— Task directions —
Would you retype the listing word for word, skipping its pictures?
-- Exercise data follows --
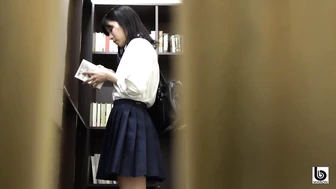 DLMB-361 02 Girls' school toilet: Dildo masturbator squirting in the bathroom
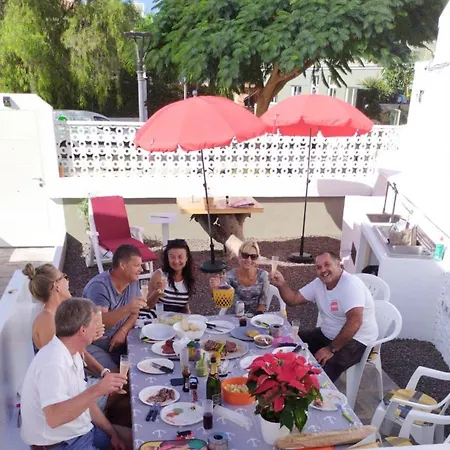 Fantastico-4-top-studio-mit-terrasse-und-balkon-in-zentrum-von-puerto-de-la-cruz-teneriffa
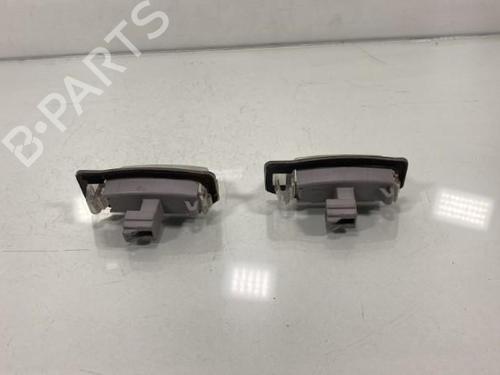 Used Licence plate light PEUGEOT 4007 (VU_, VV_) 2.2 HDi (156 hp) 19961106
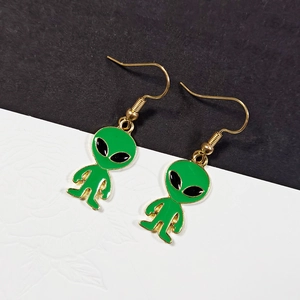 Dettaglio di orecchini alieno stile punk con smalto verde e finitura in oro
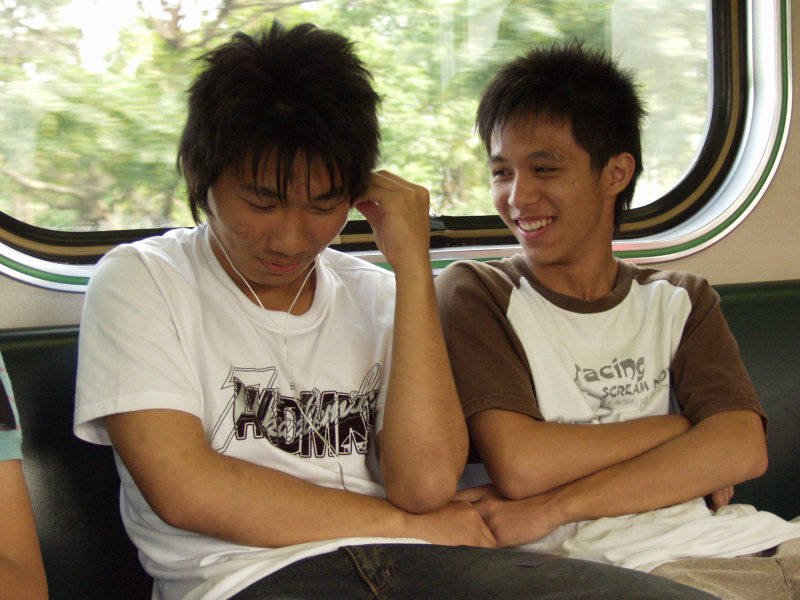 台灣鐵路旅遊攝影電車-區間車交談的旅客2006攝影照片452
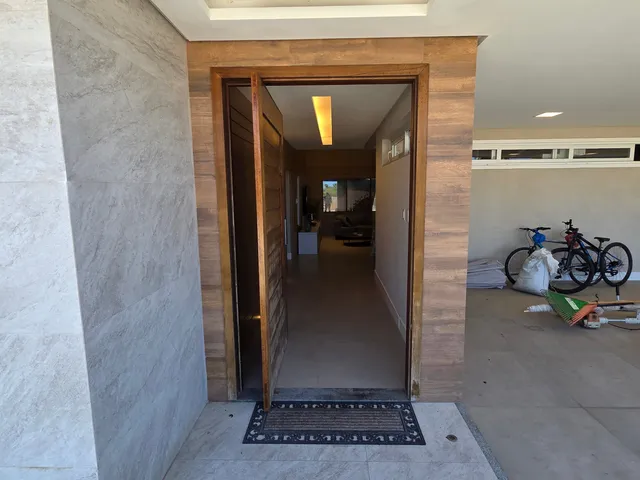 Casa com 787m² 6 quartos e 8 banheiros, à venda, no bairro Zona de Expansão (Olhos D'Agua) em Barra dos Coqueiros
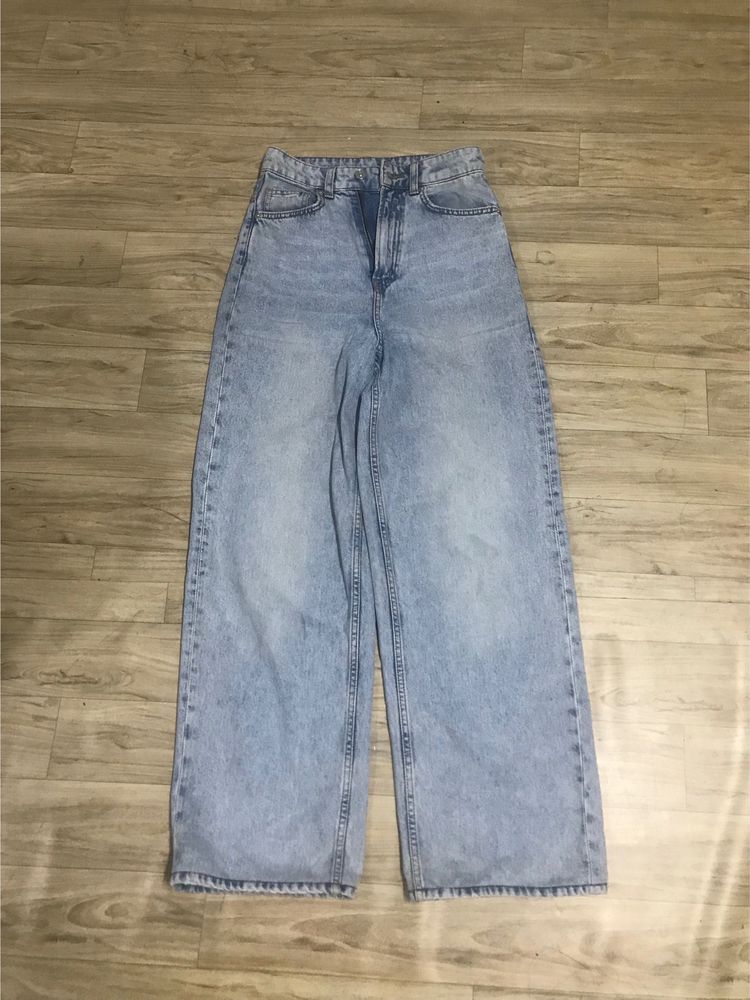 H&M Wide Leg Jeans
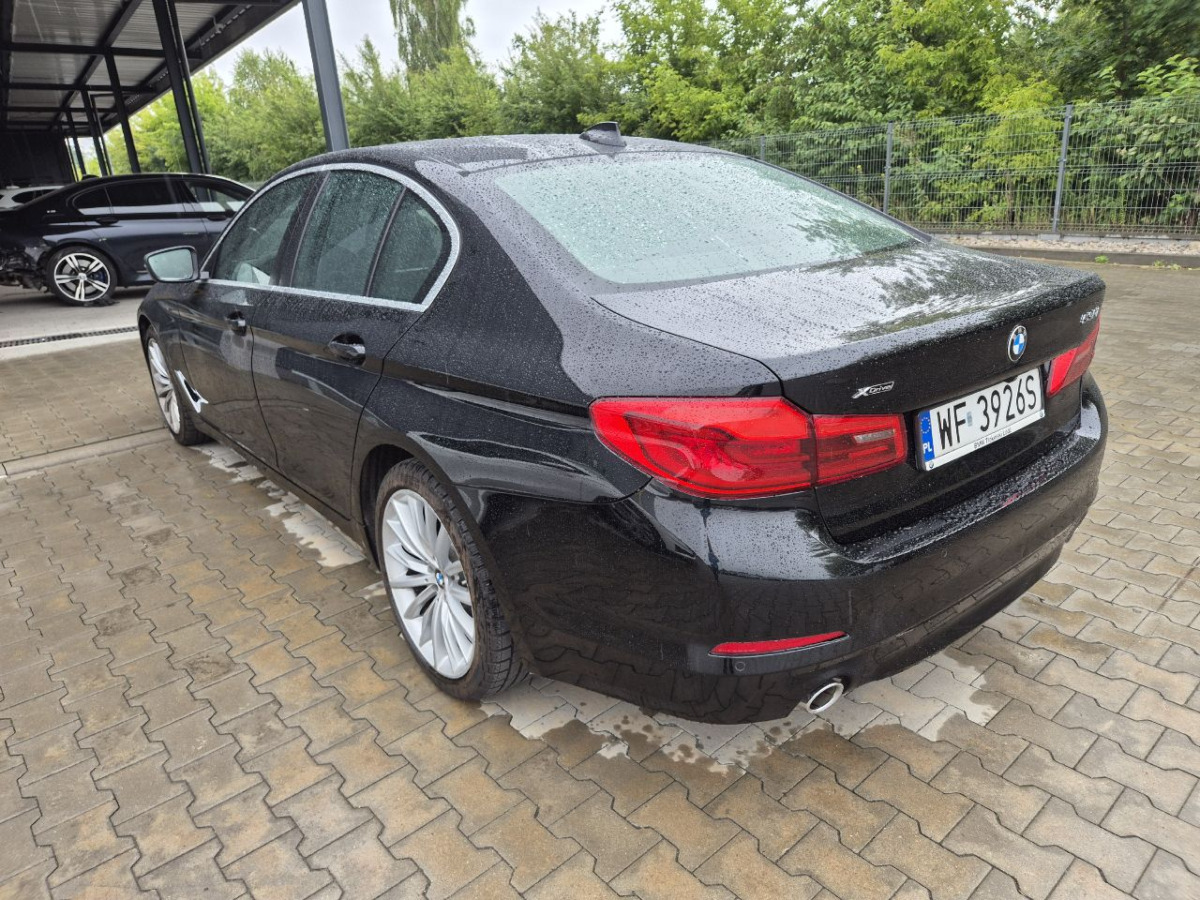 BMW 530i GPF xDrive SEDAN - Седан: снимка 4 BMW 530i GPF xDrive SEDAN - Седан: снимка 4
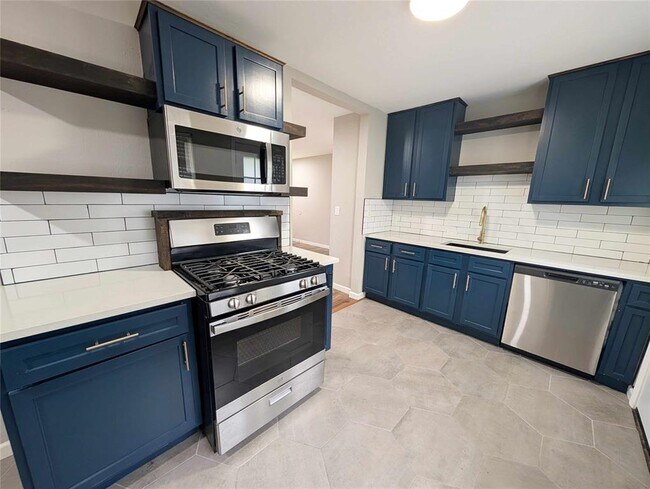 Foto del edificio - 2216 Hasley Dr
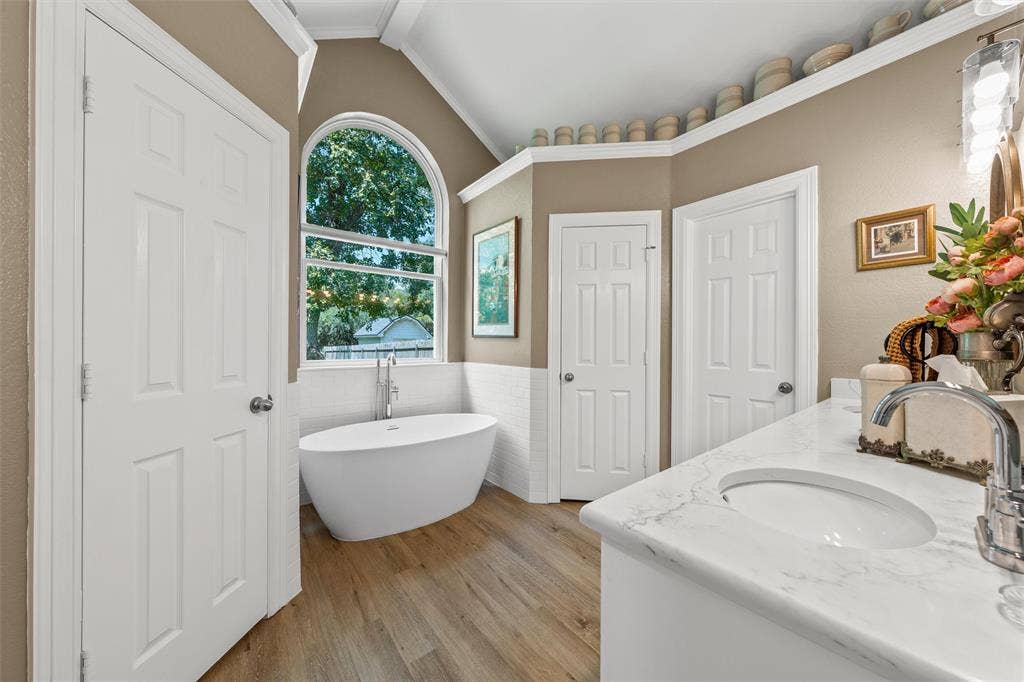 9408 Silverthorn Drive, Waco, TX 76708 9408 Silverthorn Drive, Waco, TX 76708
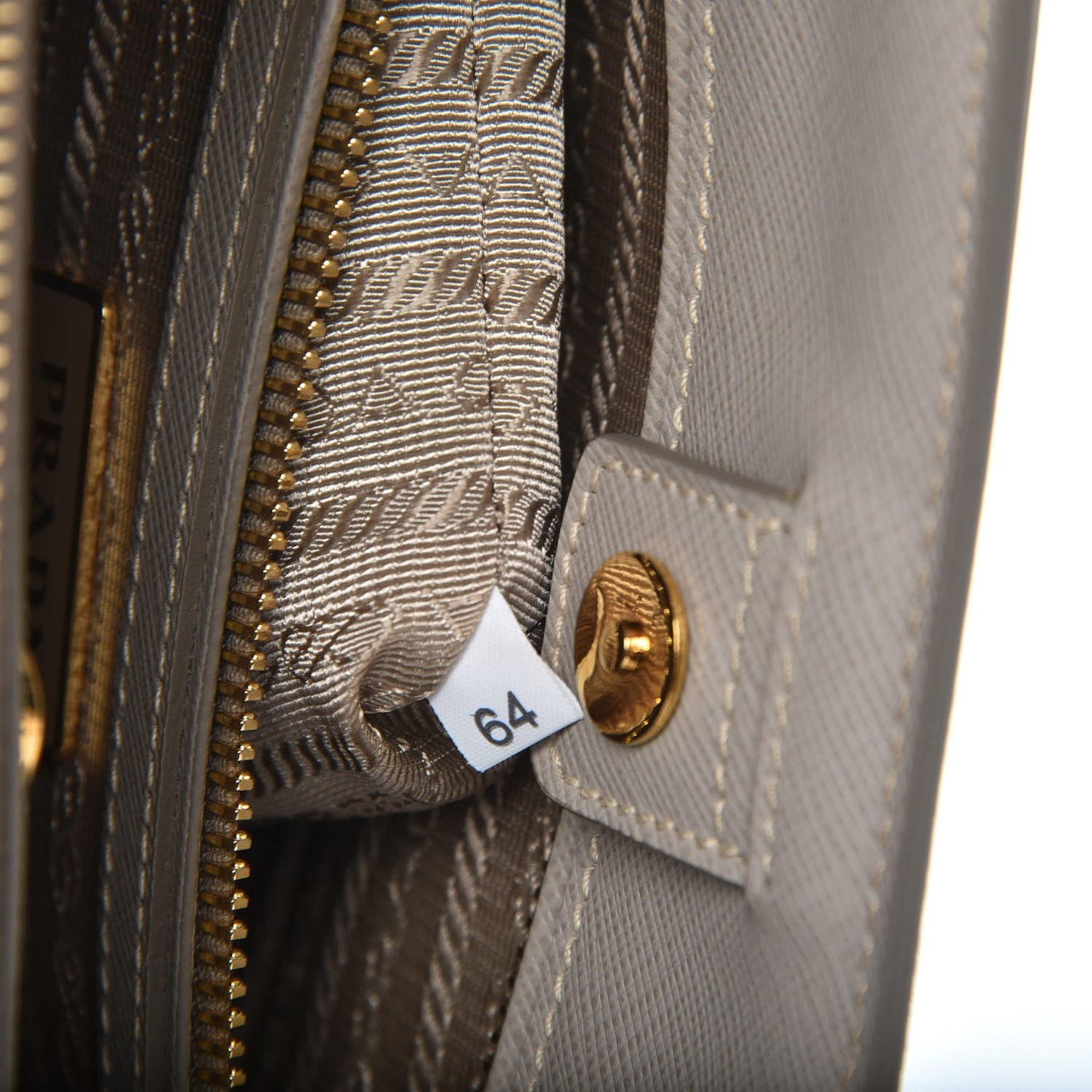 Saffiano Lux Medium Tote Pomice
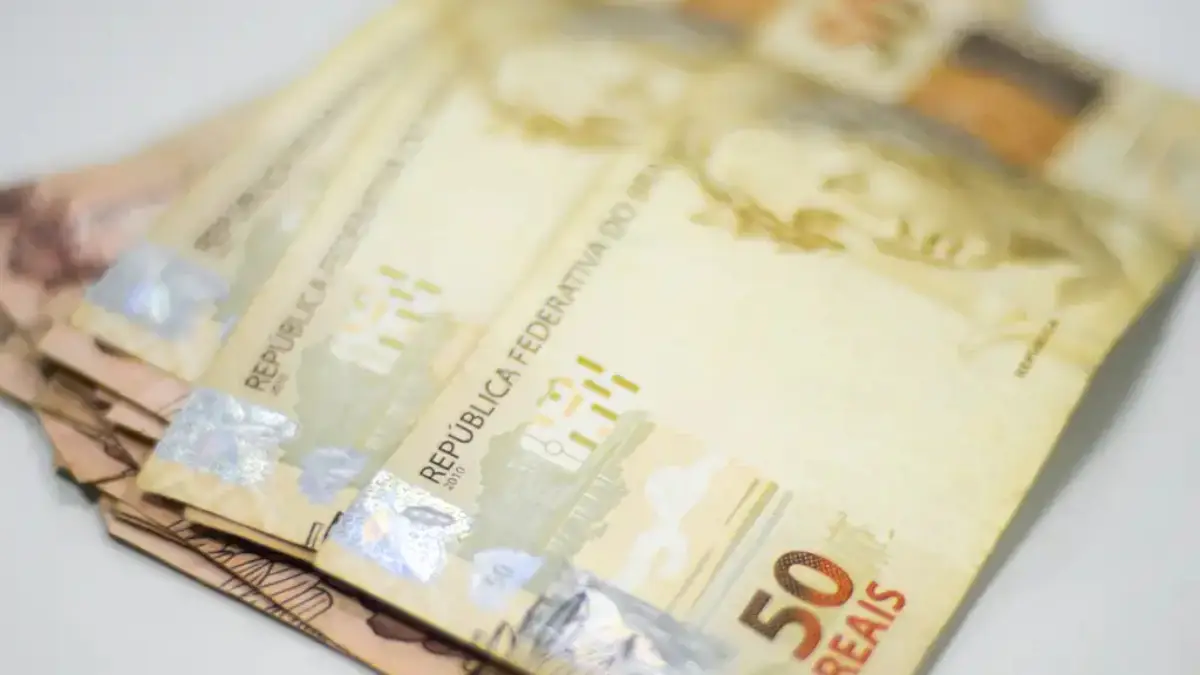 Salário mínimo terá aumento já em janeiro; saiba mais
-- Exercise data concluded --
— Result of this exercise —
 DLMB-361 02 Girls' school toilet: Dildo masturbator squirting in the bathroom
 Fantastico-4-top-studio-mit-terrasse-und-balkon-in-zentrum-von-puerto-de-la-cruz-teneriffa
 Used Licence plate light PEUGEOT 4007 (VU_, VV_) 2.2 HDi (156 hp) 19961106
 Dettaglio di orecchini alieno stile punk con smalto verde e finitura in oro
 台灣鐵路旅遊攝影電車-區間車交談的旅客2006攝影照片452
 Casa com 787m² 6 quartos e 8 banheiros, à venda, no bairro Zona de Expansão (Olhos D'Agua) em Barra dos Coqueiros
 H&M Wide Leg Jeans
 BMW 530i GPF xDrive SEDAN - Седан: снимка 4 BMW 530i GPF xDrive SEDAN - Седан: снимка 4
 Foto del edificio - 2216 Hasley Dr
 9408 Silverthorn Drive, Waco, TX 76708 9408 Silverthorn Drive, Waco, TX 76708
 Saffiano Lux Medium Tote Pomice
 Salário mínimo terá aumento já em janeiro; saiba mais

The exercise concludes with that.